A organização Repórteres sem Fronteiras também protestou, pedindo libertação imediata de Lai e o fim do assédio judicial contra ele. O empresário foi premiado com o 2020 RSF Press Freedom Awards (Prêmio de Liberdade de Imprensa).
“ Um ano e dois meses de prisão por participar de dois protestos pacíficos é uma punição totalmente desproporcional que revela como o governo está desesperado para silenciar Jimmy Lai, um símbolo da liberdade de imprensa em Hong Kong ”, disse Cédric Alviani, chefe da RSF no Leste Asiático.
Segundo a organização, a condenação é parte de uma campanha de assédio judicial de longa duração contra Lai, que está detido desde dezembro de 2020. O empresário enfrenta seis outros processos por fraude, conspiração para perverter o curso da justiça e por conspirar com forças estrangeiras, correndo o risco de prisão perpétua à luz da nova Lei de Segurança Nacional.
Lai tinha trânsito livre em Washington, tendo se encontrado com autoridades como o ex-secretário de Estado Mike Pompeo, para angariar apoio ao movimento pela democracia de Hong Kong, levando Pequim a rotulá-lo de “traidor”.
Em 12 de abril, em uma carta escrita em sua cela de prisão, ele pediu os funcionários do Apple Daily para “se manterem firmes”: “É nossa responsabilidade como jornalistas buscar a justiça. Contanto que não estejamos cegos por tentações injustas, contanto que não permitamos que o mal passe por nós, estaremos cumprindo nossa responsabilidade. ”
Hong Kong, que segundo a RSF já foi um bastião da liberdade de imprensa, caiu do 18º lugar em 2002 para o 80º lugar no Índice Mundial de Liberdade de Imprensa da organização. A República Popular da China, por sua vez, estagnou em 177º de 180º.
Os protestos pró-democracia de 2019 foram estimulados pelo aperto cada vez maior de Pequim sobre as amplas liberdades prometidas a Hong Kong após seu retorno ao domínio chinês em 1997.
A cidade portuária foi colônia britânica por 150 anos e virou um importante centro financeiro e de negócios. Um acordo entre a China e o Reino Unido devolveu Hong Kong ao controle chinês, prevendo uma administração sob o modelo “um país, dois sistemas”, em que o regime comunista não seria estendido ao território.
Mas gradativamente a China passou a adotar iniciativas para limitar críticas, gerando uma onda de protestos que explodiu em 2019, com a população tomando as ruas da cidade. A repressão foi severa, e em 2020 entrou em vigor a nova Lei de Segurança Nacional, com penas severas até de prisão perpétua para crimes como secessão, subversão, terrorismo ou conluio com forças estrangeiras.

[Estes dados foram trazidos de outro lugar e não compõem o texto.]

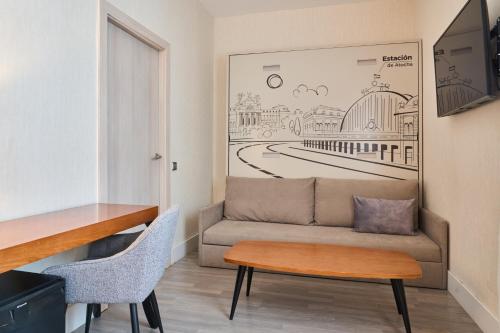 Habitación Familiar del hotel Puerta De Toledo. Foto 3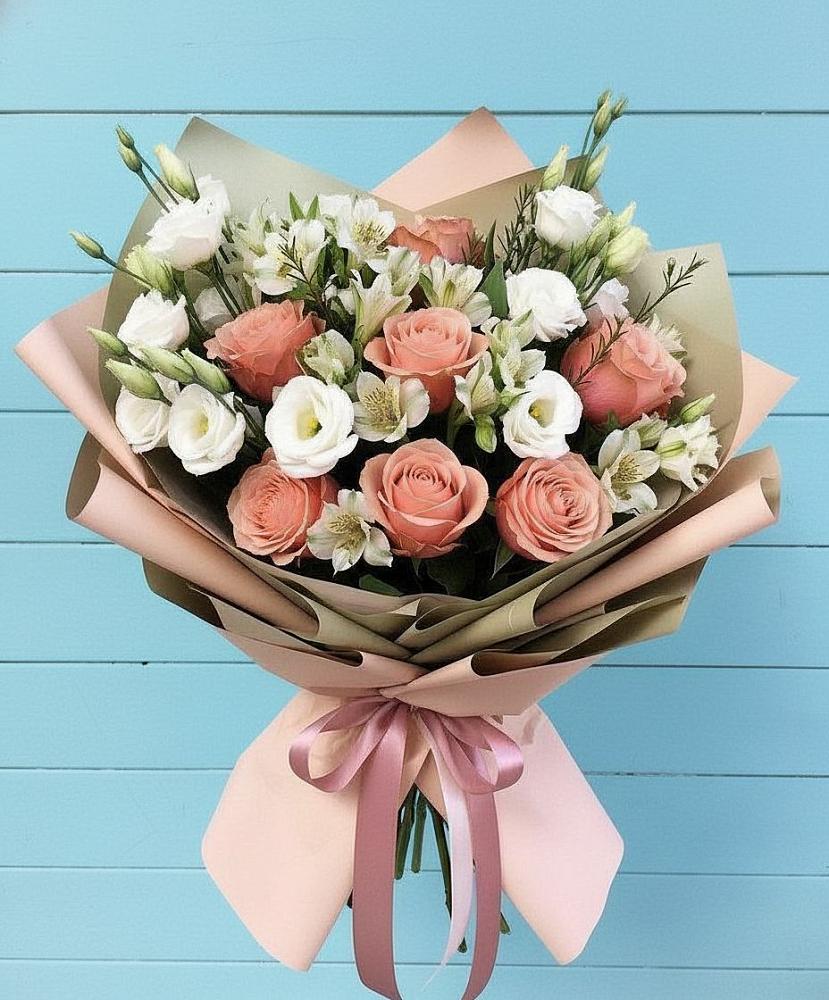 Букет цветов из: Розы, Альстромерии и Лизиантусы в Данилово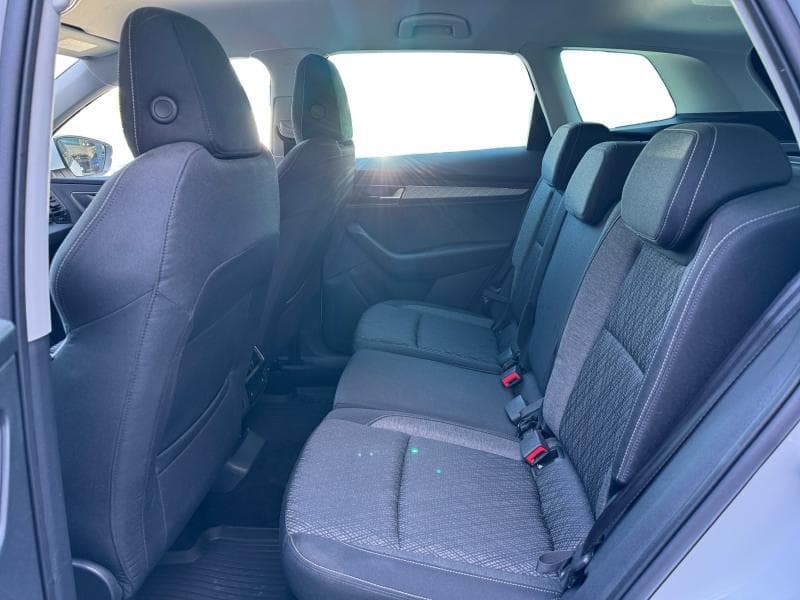 Skoda Karoq Style | 2.0 TDI 115cv | Caméra360 | Carplay | GPS | Attelage - 12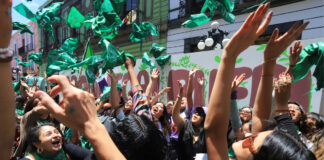 Activistas celebran despenalización del aborto en Puebla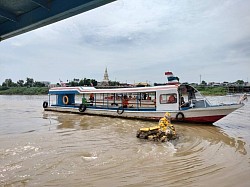 เรือบริการนักท่องเที่ยวสักการะองค์พระธาตุและลอยอังคาร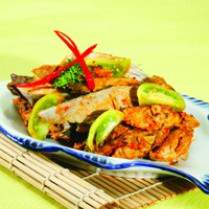 Cara membuat TONGKOL ASAP TUMIS TOMAT HIJAU - Resep Masakan Rumahan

O cerco da China sobre a imprensa não acontece apenas em Hong Kong. Em fevereiro, a notícia da prisão da jornalista australiana radicada na China Cheng Lei foi manchete em todo o mundo. Na mesma semana, a editora chinesa Geng Xiaonan foi condenada a três anos de prisão depois de se confessar culpada de operações comerciais ilegais. Ela havia falado em apoio a Xu Zhangrun, um professor de direito de Pequim que criticava Xi Jinping e o Partido Comunista Chinês e tinha sido detida em setembro passado.
A China liderou em 2020 a lista de países apontados pela RSF como os que mais têm jornalistas encarcerados. Os outros são Egito, Arábia Saudita, Vietnã e Síria. O total de profissionais privados de liberdade em 1º de dezembro era de 387, segundo a entidade. Havia ainda 54 apontados como reféns − em Síria, Iraque e Iêmen − e quatro desaparecidos.
O número apresentado no relatório é a soma de repórteres profissionais, jornalistas-cidadãos (como blogueiros independentes) e os que trabalham para organizações de notícias em funções de suporte. Levando-se em conta apenas os profissionais, o número de presos era de 252, enquanto o de independentes era de 122 e o dos colaboradores era de 13.
Outra entidade que monitora violações à liberdade de imprensa, o Comitê para a Proteção aos Jornalistas, havia identificado pelo menos 274 jornalistas privados de liberdade em 1º de dezembro de 2020, dos quais 250 presos em 2020. Há variação nos números, mas em um ponto as duas entidades concordam: ambas apontaram a China como “o pior carcereiro do mundo”.